__STORED DATA__
□ □ □ □ □ □ □
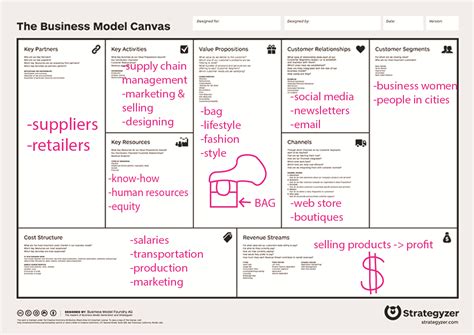 Busniss Model Canvas Example 的图像结果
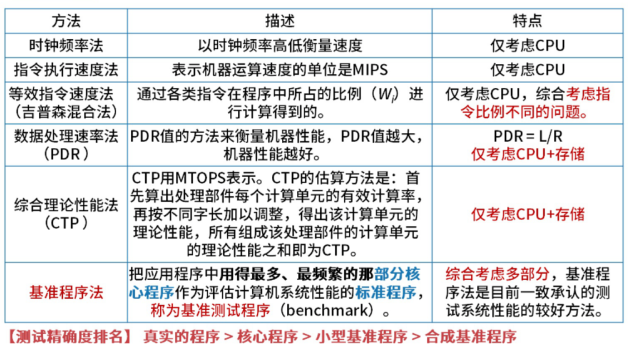 性能评估方法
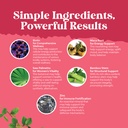 bundle-of-extra-strength-saw-palmetto-fo-6.jpg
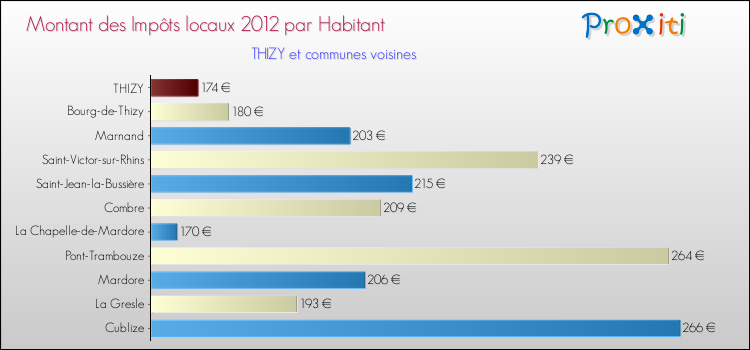 Montant des impôts locaux par Habitant pour THIZY et les communes proches Comparaison des impôts locaux par habitant pour THIZY et les communes voisines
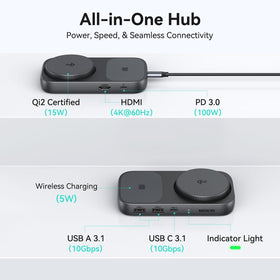 MOKiN 4K60 HDMI output from the hub for crisp visuals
□ □ □ □ □ □ □
__INSTRUCTIONS FOR THE TASK__
Pictures are not part of the answer, which must be the exact lines from the one holding "bundle-of-extra-strength-saw-palmetto-fo-6.jpg" through the end of the material, both ends included.

__RESPONSE TO THE TASK__
 bundle-of-extra-strength-saw-palmetto-fo-6.jpg
 Montant des impôts locaux par Habitant pour THIZY et les communes proches Comparaison des impôts locaux par habitant pour THIZY et les communes voisines
 MOKiN 4K60 HDMI output from the hub for crisp visuals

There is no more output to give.